Malgré leurs dimensions géantes, les cétacés sont sans défense devant les harpons. Une seule baleine tuée couvrait tous les frais de l’expédition pour l’armateur. Une chasse industrielle des mammifères marins était pratiquée depuis le 17e siècle. Et ce n’est qu’au milieu du 20e siècle, lorsque plusieurs espèces ont complètement disparu et la population des autres a diminué de dizaines de fois, que les défenseurs de la nature ont fait élever leur voix en faveur de la protection des baleines. Après l’entrée en vigueur du moratoire sur la chasse commerciale en 1986 la population de certaines espèces a entamé un lent rétablissement, note Vladimir Sliviak, coprésident du groupe international Ekozachtchita (Protection écologiste).

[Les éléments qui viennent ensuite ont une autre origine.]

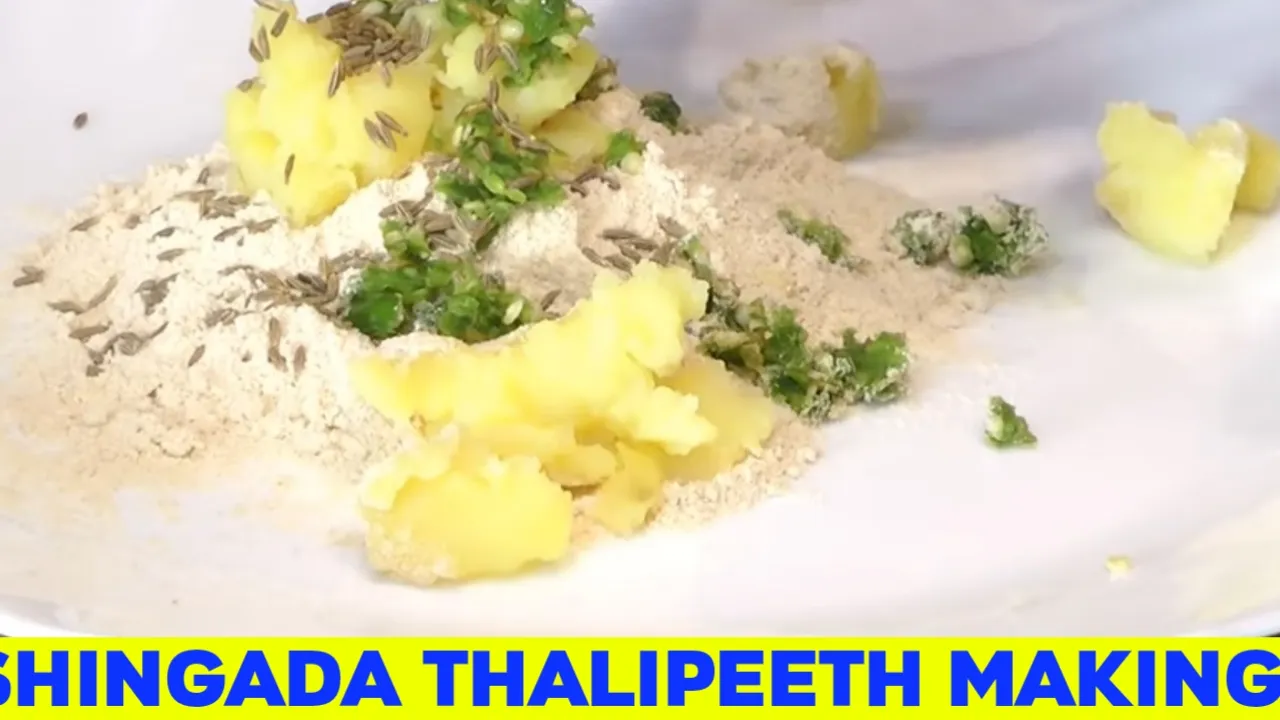 How to Make Shingada Thalipeeth Recipe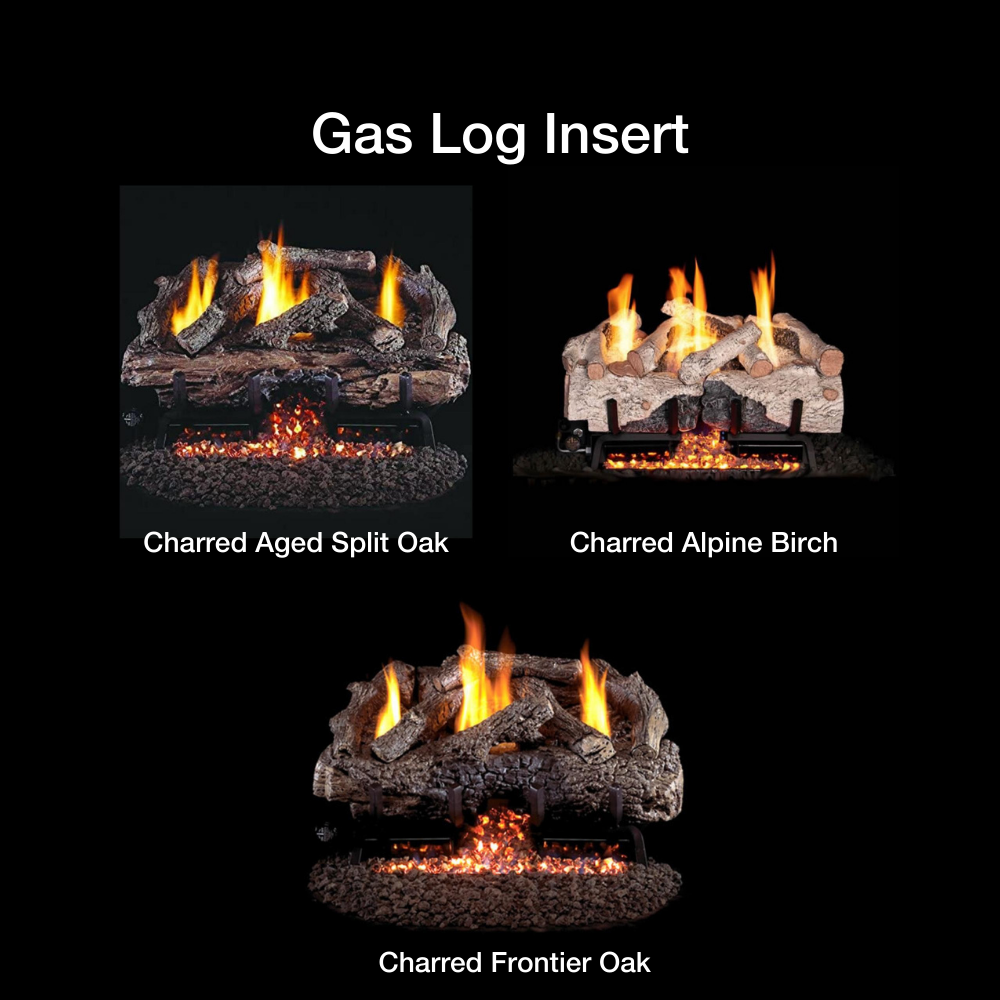 Gas Log Burner
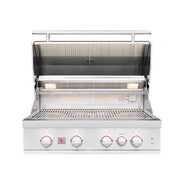 Summerset Sizzler Pro 32 Inch 4 Burner Built - In Gas Grill w. Infrared Burner - CulinaryProfis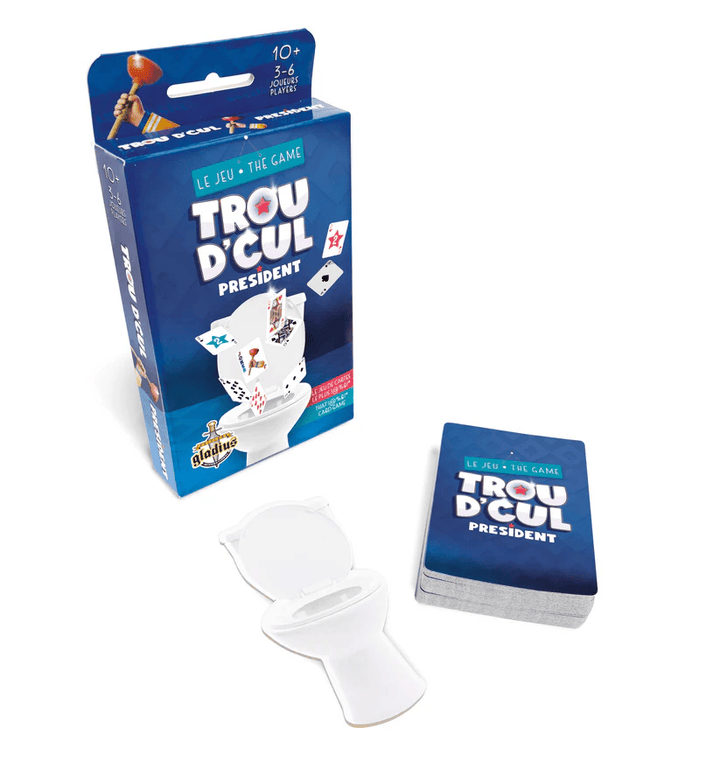 Trou d'Cul - Le jeu (ML) JEUX - Classiques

L’interdiction de l’extermination des cétacés apporte son effet positif. On doit remarquer que jusqu’à présent nombre de pays, notamment, le Japon, continuent de pratiquer la chasse industrielle aux baleines. Et là il faut, bien sûr, lutter pour son interdit total.

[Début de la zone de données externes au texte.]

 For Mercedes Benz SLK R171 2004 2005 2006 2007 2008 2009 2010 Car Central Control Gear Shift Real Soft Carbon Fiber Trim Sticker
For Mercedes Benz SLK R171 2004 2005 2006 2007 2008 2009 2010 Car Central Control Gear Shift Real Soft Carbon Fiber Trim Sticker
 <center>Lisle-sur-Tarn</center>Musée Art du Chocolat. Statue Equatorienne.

Ces 25 ans Tokyo applique le soi-disant programme de chasse à des fins scientifiques, suscitant les protestations des défenseurs de la nature. Chaque année les navires baleiniers nippons tuent sous le couvert de ce programme plus de 800 cétacés. Leur viande est servie invariablement aux restaurants, est vendue dans les supermarchés. L’année dernière ils ont été obligés de renoncer à la chasse à la baleine dans les eaux de l’Antarctique, après que des bénévoles écologistes eurent tiré des pétards fumigènes et attaqué aux canons à eau leurs navires baleiniers. La flottille baleinière la plus puissante était en son temps celle de l’Union Soviétique. Mais ensuite cette flotte a été liquidée, devenue inutile quand la Russie a renoncé à la chasse commerciale. L’exception a été faite pour les petites populations du Nord, qui se livrent à une chasse dite d’aborigène. Pour elles la viande des baleines est l’unique moyen de survivre. La chasse est pratiquée conformément aux quotas, établis par la Commission internationale.
A ce jour on compte plus de cent espèces de mammifères marins. La mission des chercheurs consiste à les sauvegarder, mais aussi à multiplier leurs populations.